Instruction sets are an important part of the CPU architecture. The C language syntax is a high-level overview and abstraction of the methods used to solve real-world problems, including arithmetic, logical operations, and branch control, the Instruction Set is specific support for these abstractions. Compilation is only intended for developers to better remember instructions, but it corresponds to the machine code recognized by the CPU, therefore, assembly is also a low-level language.
CPU Command Execution generally includes the fetch, decoding, and execution. This is a classic three-level command execution pipeline. These three processes are often described in textbooks, and the same is the same as the arm7. However, the modern CPU design usually uses a more widely used five-level pipeline, that is, it can be divided into finger fetch, decoding, execution, access and write-back. Why is it divided into 5 levels? This is determined by the time of each stage of the pipeline. We can consider the assembly line of a factory in real life.
Assume that an assembly line has only three processes and three workers A, B, and C, the efficiency of this production line depends on the efficiency of the worker with the lowest efficiency. It is assumed that it takes 10 seconds for B to complete the process in charge, and 5 seconds for A and C to complete the process. A total of four products are required. The total time should be: 5 + 10*4 + 5 = 50 seconds. (the first 5 is the time for a to first perform the first step. At this time, B and c have to wait, the last 5 is that C must wait until B completes.) C is waiting, and B is always busy.
Of course, in any case, the execution of the pipeline is better than the completion of the pipeline, just like a, B, c is responsible for all the work done by a person, it takes 20 seconds to complete. 20*4 = 80 seconds.
The most rational scenario is that the efficiency of three people is the same, so there will be no waiting. So how can we solve the problem that B has the lowest efficiency? That is, the work of B is re-decomposed and divided into two processes, namely B1 and B2, which are completed in 5 seconds, and the total completion time is 40 seconds.
The three-level flow execution of CPU commands is a problem where the time for each step is uneven, that is, the fetch and decoding operations are usually fast, the execution includes operations and access registers, memory or write-back functions. Therefore, the execution time is generally longer than the retrieval and decoding time. the retrieval and decoding time can be completed within a single clock period, however, the execution takes two to three clock cycles to complete. To achieve higher streamline efficiency, we need to break down the execution part into execution (operations, etc.), memory access (memory), and write-back (registers ).

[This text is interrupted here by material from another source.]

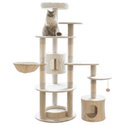 Катерушка Аника 164 см KERBL Cat Scratching Post Annika, beige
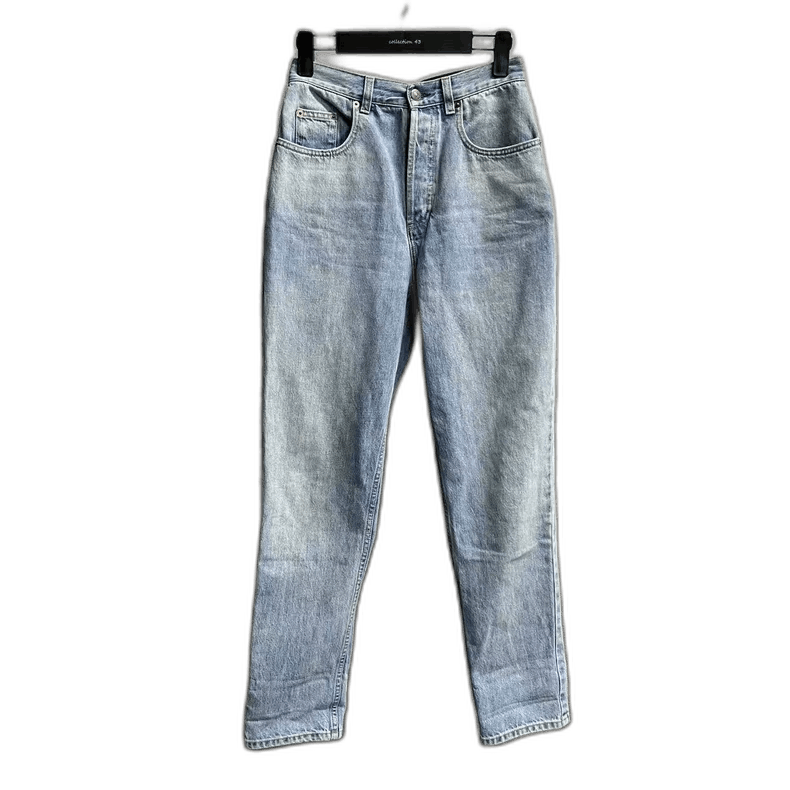 Gucci Gucci Light Blue Machine Cat Embroidery Jeans Size US 26 / EU 42 - 1 Thumbnail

For software developers, the most important thing is to know the relationship between the current PC (Program count register) value and the current execution command. The CPU obtains commands Based on the memory address of the current PC. Therefore, the PC value always refers to the address of the current command step, decoding is the decoding of some CPU Circuits Based on the obtained instruction machine code, and selects the corresponding circuit to execute this execution, such as the addition circuit, subtraction circuit, and logic and circuit; execution is the execution process of this circuit.
The assembly line of ARM7 is:
From the figure, we can see that at T1, the CPU execution circuit executes the mov command, while the circuit obtains the sub command, therefore, the current running address of the mov circuit should be the current Pc value minus 8. if the currently running command is a function call (BL command), but the return address should be the address of the add command (PC minus 4 ).